Rameen Fattahi: I follow good leaders that inspire you and mentor you, and are willing to develop you and challenge you, not someone that you serve. I'm 25 at this point, 26 maybe. I've joined Tesla first week. Young man, young man, super glamored with Elon. I'm walking down with one of my mentors who had also come from Apple to the team, and we see Elon coming down the hallway. [laughter] Super giddy. He goes, "oh shit." He pushes me into the bathroom. And I said, "what happened, man? You just touched me."


Chad Sowash: There he is. Yeah.


Rameen Fattahi: I was like...


Chad Sowash: "You touched me. And now I didn't see Elon."

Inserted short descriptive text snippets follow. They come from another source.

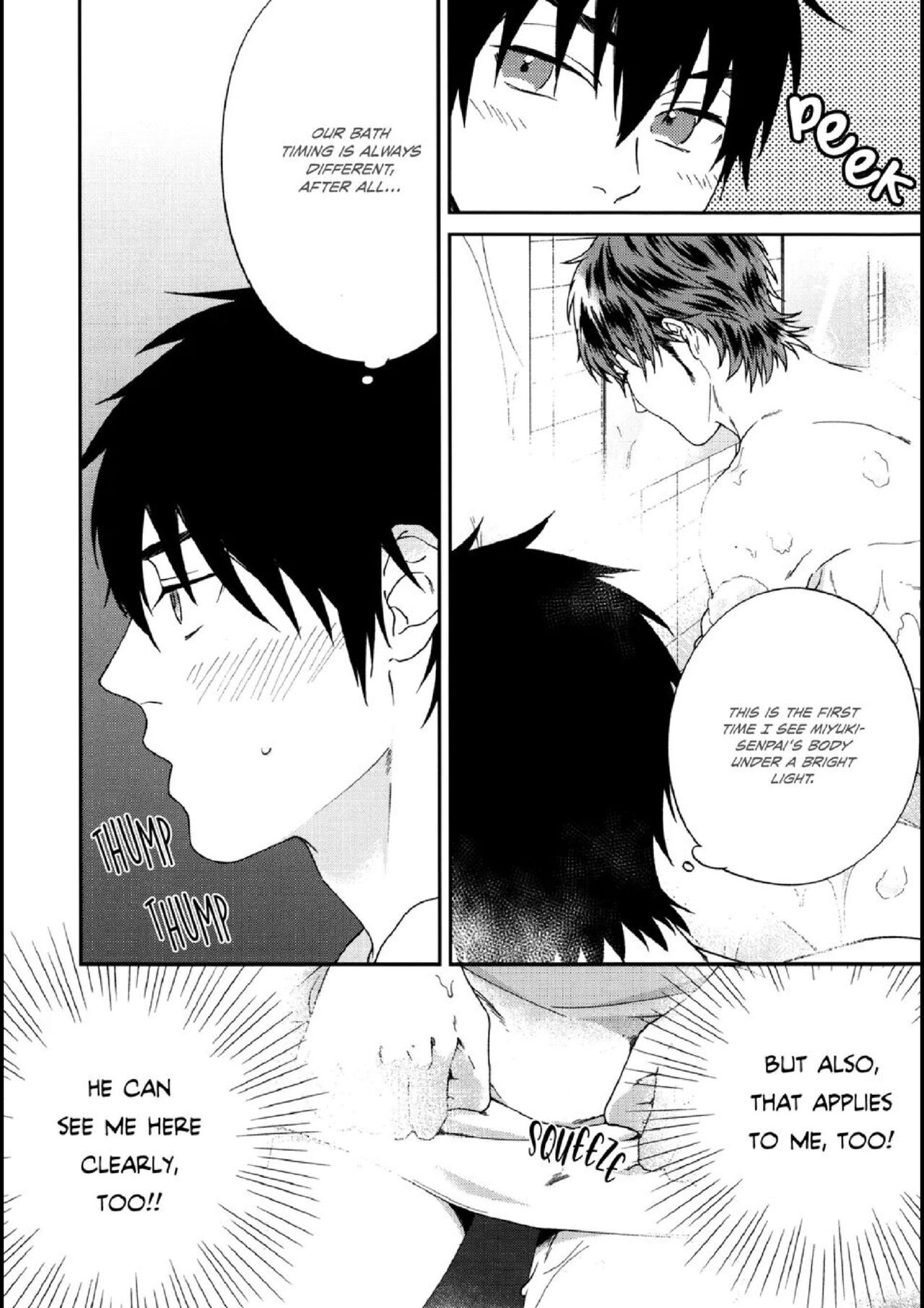 Ofuro de… – Daiya no Ace dj - Page 10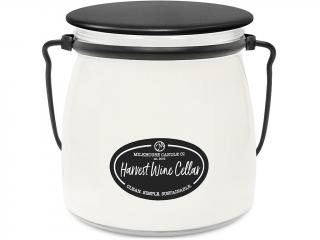 Milkhouse Candle Co. – vonná svíčka Harvest Wine Cellar (Svařené víno), 454 g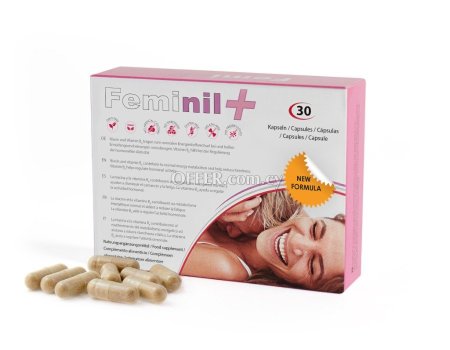 FEMINIL+ Female Sexual Libido Enhancement 30 pills - 1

Rameen Fattahi: He get to say hi. He goes, "listen, it's an experience going down right now." And Elon's not like every leader. He's, a very strong forward leader. You may come back and he may ask you the golden question of, "what do you do here?" And you come back with, "I'm brand new, I'm learning my roles." And he might just turn around and be like, "you're not meant for this team 'cause your answer wasn't zoomed out enough," because just last week someone closed the door on one of the cars that he came out of and they got fired on the spot because it was a little too hard. He was at that time going through some hardships and you'll see it through his interviews. He says, "I'm really excited about that guy's brain and where he is pushing us." He was living in the factory, sleeping there to show the factory that, "Hey, I'm in this with you." And just tremendous amount of stress with, "is our company gonna make it? Are we gonna follow around on our finances? We don't have enough for payroll." All these crazy things. Being in the spirit of being authentic, I wanted to meet him. I was told not to meet him.


Joel Cheeseman: Yeah. Do you have positive memories of Elon and his management style or?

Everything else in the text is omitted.